Whoa—that sounds like jinx territory there, Joni. Let’s move on.
Tough guy Jeff Skinner rejoined the lineup also, ringing up a couple more roughing minors against a Panthers squad that became grouchier as their fate became clear. Wait, what’s that? Skinner’s a scorer? He did tally an assist. But as his sophomore year winds down he seems to endure more and more abuse from opponents. Skinner’s not soft, but sandpaper has to be on the team’s offseason shopping list or their wunderkind is going to be black and blue instead of black and red.
Cam Ward shone in net, as well, missing a shutout only because Tomas Fleischmann’s blind throw into the slot ticked off Pitkanen’s skates right into the goal in the second period. With 30 saves on this night, the netminder racked up career win no. 201 in just his seventh season in the league.
Ward was particularly good in the waning minutes of the second period, when the Panthers were trying to tie the game after having yielded the first two goals. Stumbling from one post to the other, he nonetheless sealed the post to stop a Fleischmann one-timer of a point shot that had caromed straight off the back boards. Then, on the next shift, Ward had to make that same move twice to foil bad-angle efforts from Scottie Upshall and Jerred Smithson, flashing great attention to detail in his footwork to preserve the Carolina lead.
It’s hard to hurl your body at the post like that. A lot can go wrong. Come up against the post too hard and you can bounce off it or lose your balance and leave a gap for the puck to get through. Or you could knock the net off and risk a penalty. But then if you scoot over too slowly, the shot could sneak through before you arrive. It’s not a desperation move but a precision one. Your skate has to be angled right or you leave a puck-sized gap along the ice. Smart shooters go for the goalie’s skates on purpose, hoping to deflect a puck in beneath his body.
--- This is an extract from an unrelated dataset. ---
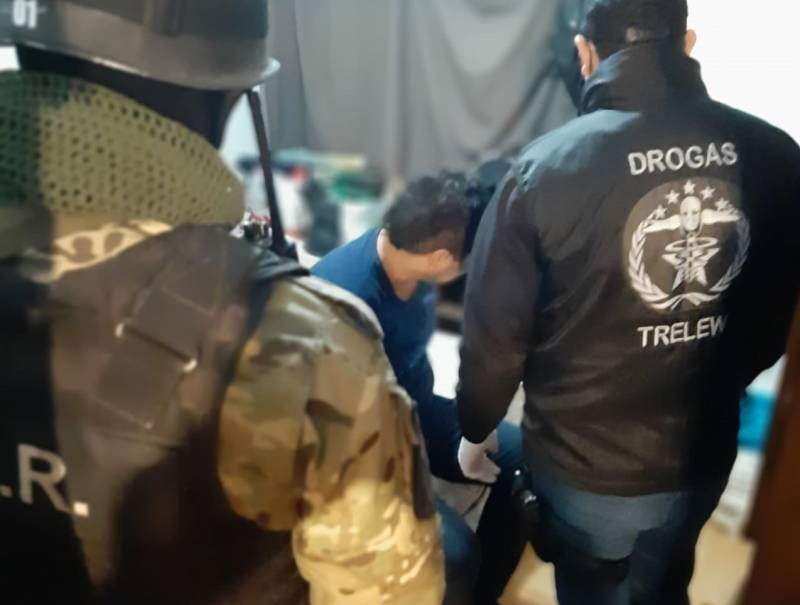 Imagen de la Noticia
Your arm also has to be tight against your body or a puck could get between them. And your shoulder has to press into the bend of the goal pipe to take away a high shot. Ward went post to post to post like he was magnetically clicking onto it each time.
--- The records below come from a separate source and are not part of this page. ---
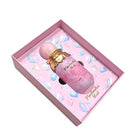 Paris Corner Marshmallow Blush Eau de Parfum- Deodorant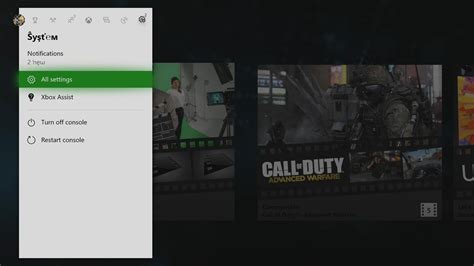 Xbox One Game Dvr Capture Increased To 1080p For Insiders Heres How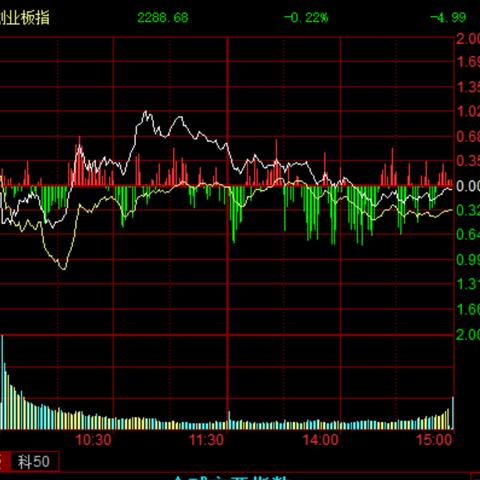2023年香港开奖结果|可靠研究解释落实_极速版SSIP.4.18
With the Canes playing like this, stringing together their longest winning streak of the season, it’s hard to avert one’s eyes from the standings or resist figuring out the playoff what-ifs. Fearing no jinx, Coach Kirk Muller talked directly about the playoff drive. “Right at the All-Star break we had a meeting. We said to the guys: ‘This is when the big boys come out to play. It’s where you really have to step up.’ Our guys have been doing that since then.”
I guess that if the coach is talking about it, then maybe I can talk about it. Could this team somehow sneak into the playoffs? They’re doing their part, winning games. A three-game swing through Columbus, Detroit, and Toronto presents a challenge, coming next, but they’re playing their best hockey here when the stakes are highest. It’s about how they’re playing, not some jinx.
Still, I’m going to hard-boil some eggs.